* [Work item] Return, with both end lines included, exactly what the data below holds from the line with "Once you've determined" through the line with "Most of the", though not the pictures.

* [Exercise inputs]
/---

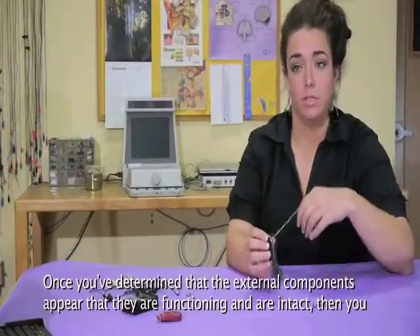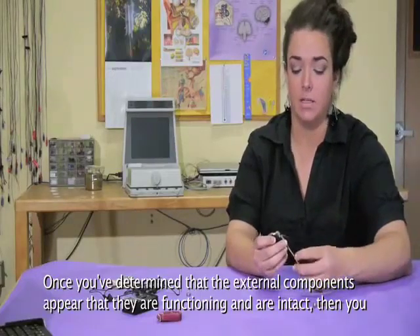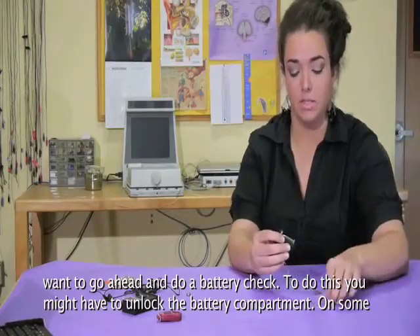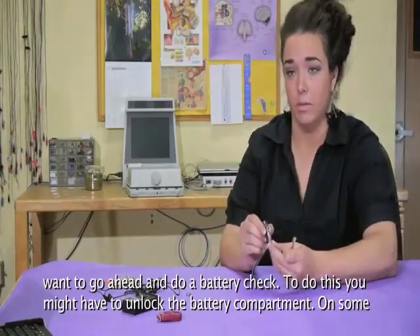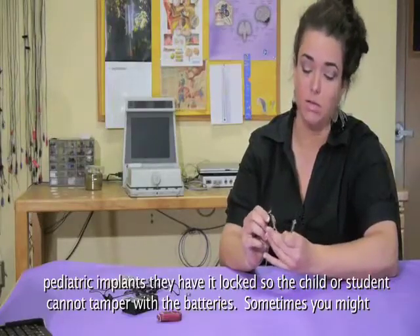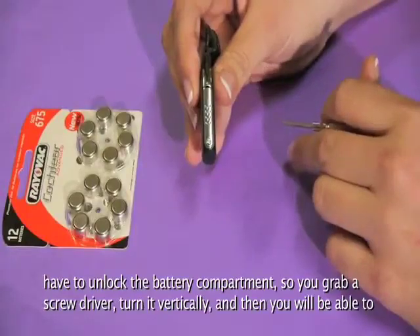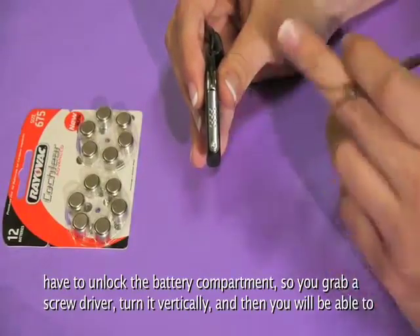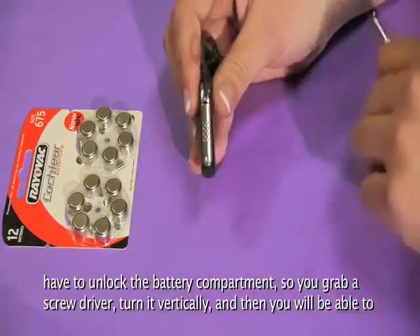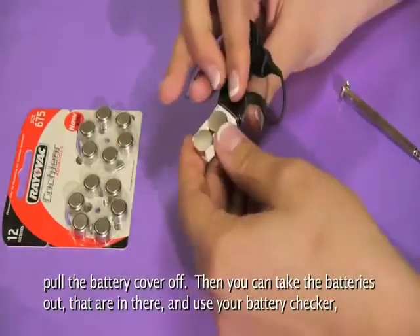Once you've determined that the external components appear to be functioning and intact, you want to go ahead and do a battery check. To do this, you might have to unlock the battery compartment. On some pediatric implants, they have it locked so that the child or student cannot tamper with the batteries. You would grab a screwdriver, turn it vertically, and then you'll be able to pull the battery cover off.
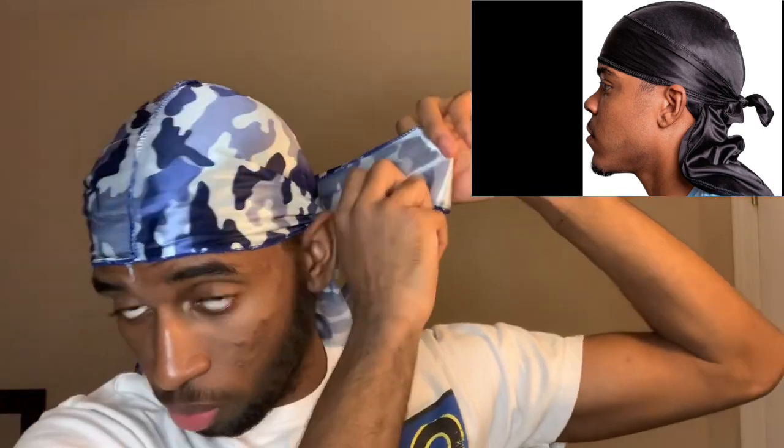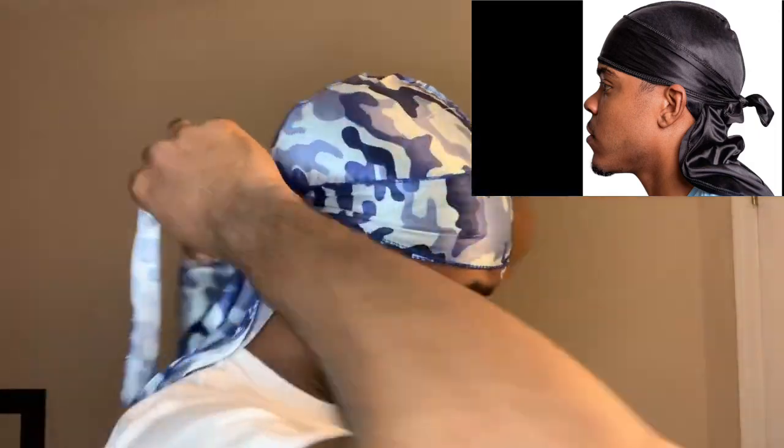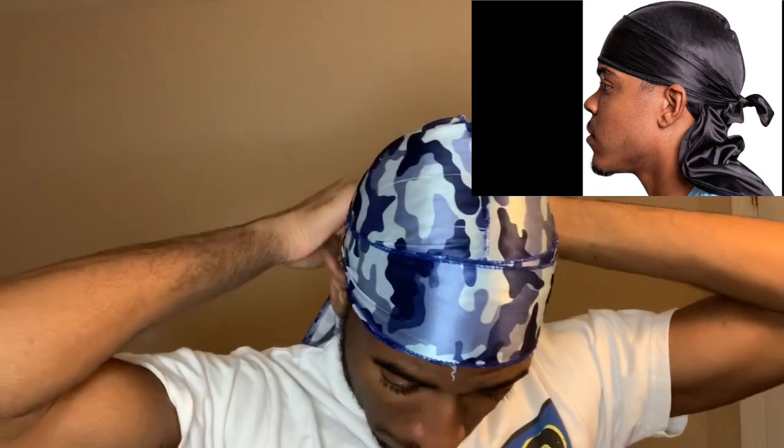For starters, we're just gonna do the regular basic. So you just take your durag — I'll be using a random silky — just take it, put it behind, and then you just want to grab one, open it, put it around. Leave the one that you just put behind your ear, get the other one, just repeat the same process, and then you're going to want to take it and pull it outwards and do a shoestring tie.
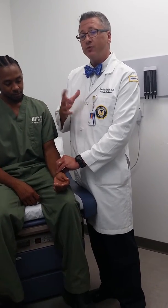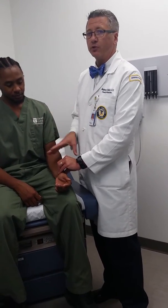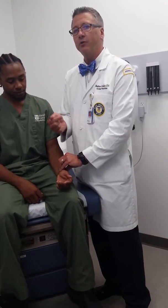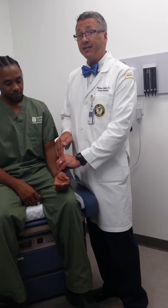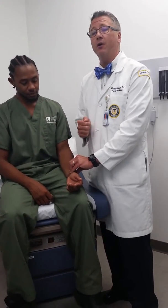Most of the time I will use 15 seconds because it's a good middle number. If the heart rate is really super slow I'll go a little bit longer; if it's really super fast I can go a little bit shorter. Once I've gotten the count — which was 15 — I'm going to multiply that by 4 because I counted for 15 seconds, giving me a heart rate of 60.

\---
/---

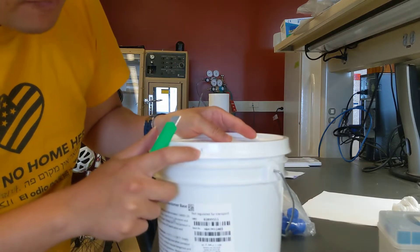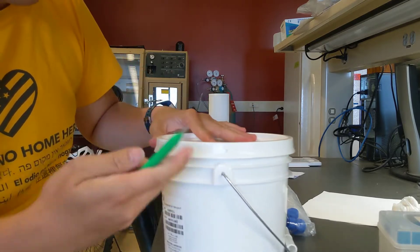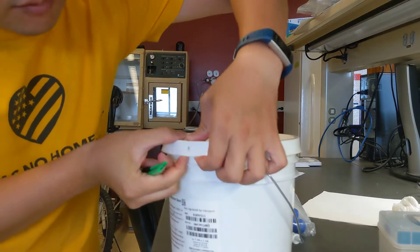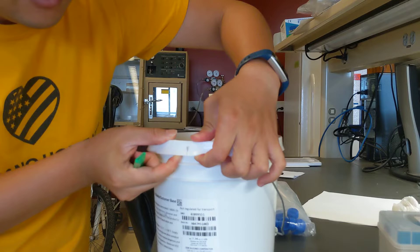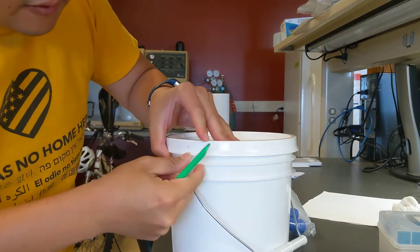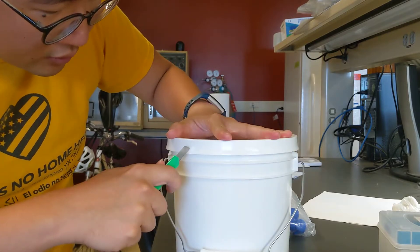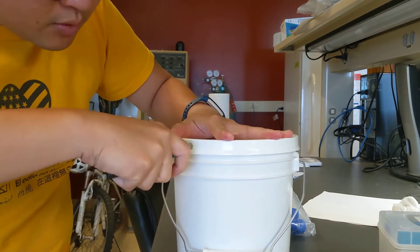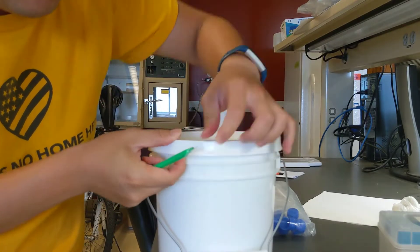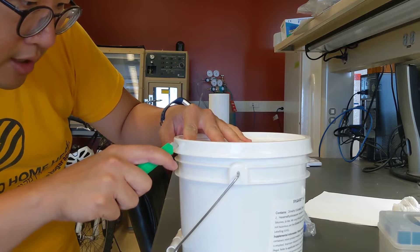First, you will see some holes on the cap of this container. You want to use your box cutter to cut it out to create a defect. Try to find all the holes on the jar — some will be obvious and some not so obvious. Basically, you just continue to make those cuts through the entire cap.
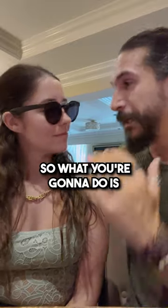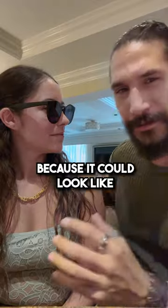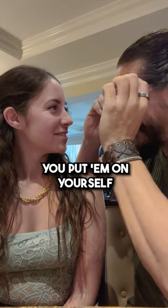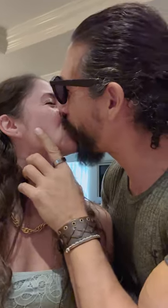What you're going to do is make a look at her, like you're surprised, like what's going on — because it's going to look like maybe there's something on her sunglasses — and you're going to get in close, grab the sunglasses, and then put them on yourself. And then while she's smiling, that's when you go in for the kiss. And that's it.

\---

* [Task solution]
Once you've determined that the external components appear to be functioning and intact, you want to go ahead and do a battery check. To do this, you might have to unlock the battery compartment. On some pediatric implants, they have it locked so that the child or student cannot tamper with the batteries. You would grab a screwdriver, turn it vertically, and then you'll be able to pull the battery cover off.
For starters, we're just gonna do the regular basic. So you just take your durag — I'll be using a random silky — just take it, put it behind, and then you just want to grab one, open it, put it around. Leave the one that you just put behind your ear, get the other one, just repeat the same process, and then you're going to want to take it and pull it outwards and do a shoestring tie.
Most of the time I will use 15 seconds because it's a good middle number. If the heart rate is really super slow I'll go a little bit longer; if it's really super fast I can go a little bit shorter. Once I've gotten the count — which was 15 — I'm going to multiply that by 4 because I counted for 15 seconds, giving me a heart rate of 60.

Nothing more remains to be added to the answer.